Training set R2 score: 0.8674301716149604
Test set R2 score: 0.8518395208802725
Training set RMSE: 0.06552448183077234
Test set RMSE: 0.0823038157725722


In [159]:
r2_scores = list()
rmse = list()
# empty lists to hold evaluation metrics for 30 KNN models

for k in range(1, 31):
    knn = KNeighborsRegressor(n_neighbors=k)
    knn.fit(X_train_sc, y_train);
    r2_scores.append((cross_val_score(knn, X_test_sc, y_test).mean(), k))
    rmse.append((np.sqrt(MSE(y_test, knn.predict(X_test_sc))), k))
    # instantiate and fit 30 KNN models with k=1 to k=30 neighbors; put the scores and k values in the lists

In [160]:
r2_scores.sort(reverse=True)
# sort r2 scores from highest to lowest

In [161]:
rmse.sort()
# sort RMSE values from lowest to highest

In [171]:
r2_scores[:5]
# see 5 best r2 scores

[(0.8588578414486603, 10),
 (0.8588010539775712, 8),
 (0.8587968020869482, 12),
 (0.8587603754409912, 9),
 (0.8587461021559388, 16)]

In [172]:
rmse[:5]
# see 5 best RMSE scores

[(0.08003349292320475, 15),
 (0.08009857182535854, 14),
 (0.08010869826868235, 17),
 (0.08012373861161977, 16),
 (0.0801550811947784, 13)]

k = 16 appears in both the 5 highest r<sup>2</sup> scores and the 5 lowest RMSE values. The KNN model using 16 neighbors gave an r<sup>2</sup> score of 0.859 and an RMSE of 0.080 on the test set. This is a very slight improvement over the quadratic regression. The fact that no values above 17 show up in either of these lists suggests that 16 is the optimal number, or at least a good tradeoff between performance and training time.

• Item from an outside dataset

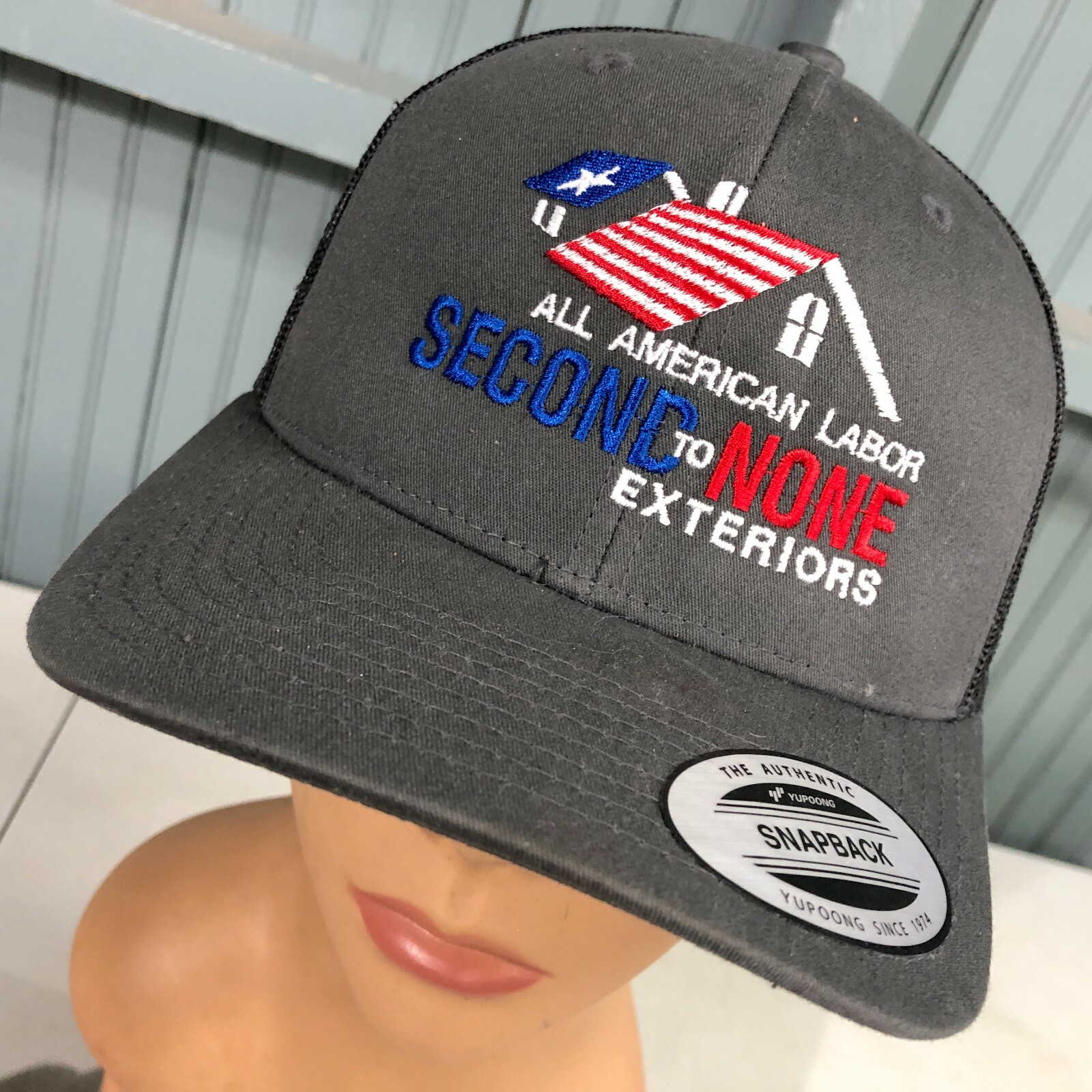 Second To None Exteriors American Labor USA Snapback Baseball Hat Cap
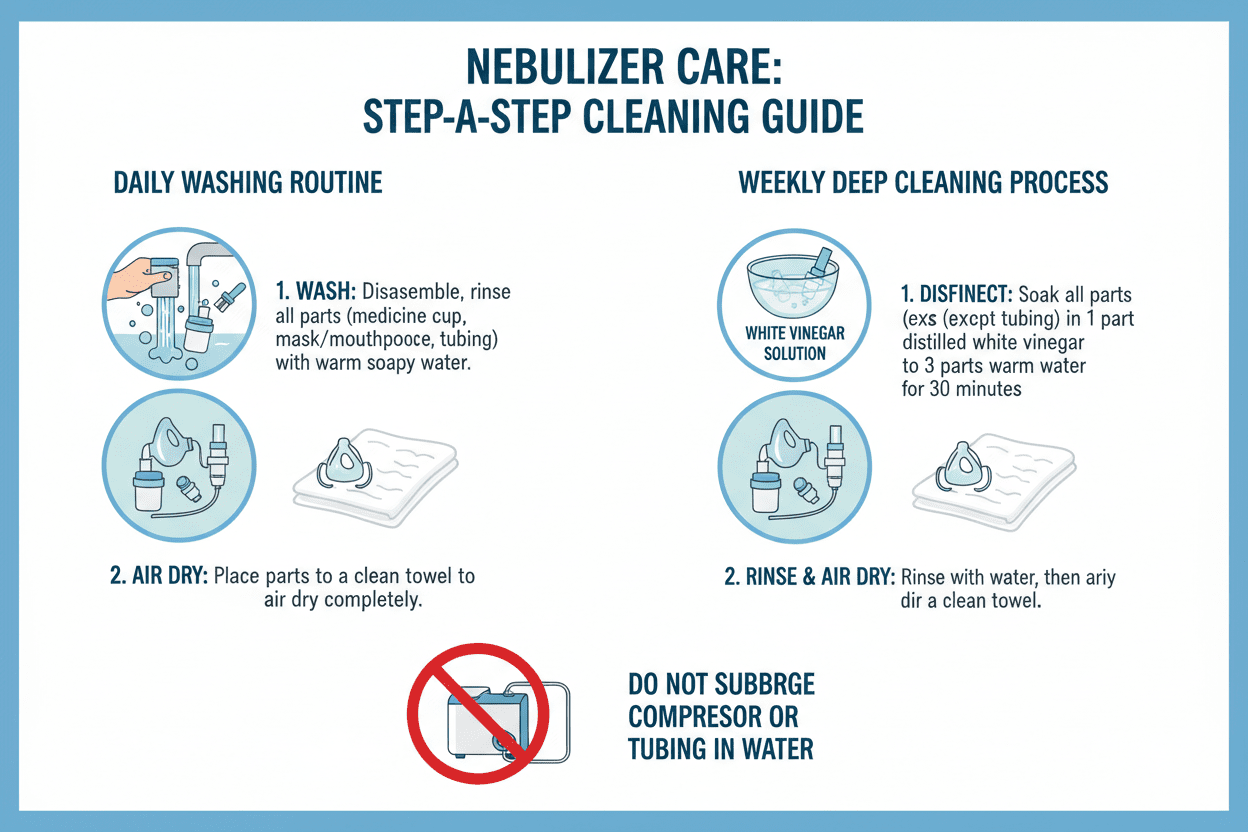 cleaning a nebulizer- Nebulizers Suitable for People with Asthma and Respiratory Diseases - Portable Nebulizer Story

### Random Forest Regression

In [173]:
rfr = RandomForestRegressor(random_state=20200310)
# instantiate random forest regressor

In [175]:
rfr_params = {
    "n_estimators": [50, 100]
}
# create dictionary of hyperparemeters for gridsearch

In [176]:
gs = GridSearchCV(
    estimator=rfr,
    param_grid=rfr_params
)
# instantiate gridsearch

In [177]:
gs.fit(X_train, y_train);

In [178]:
gs.best_estimator_.score(X_test, y_test)

0.879315496955938

In [179]:
gs.best_params_

{'n_estimators': 100}

In [181]:
np.sqrt(MSE(y_test, gs.best_estimator_.predict(X_test)))

0.07798737615105548

I need to test more models, but the random forest regression takes a very long time to train and I need to submit this for checkin 4. I will run more models (perhaps including other ensemble models) onWednesday and hopefully push that score up a bit more.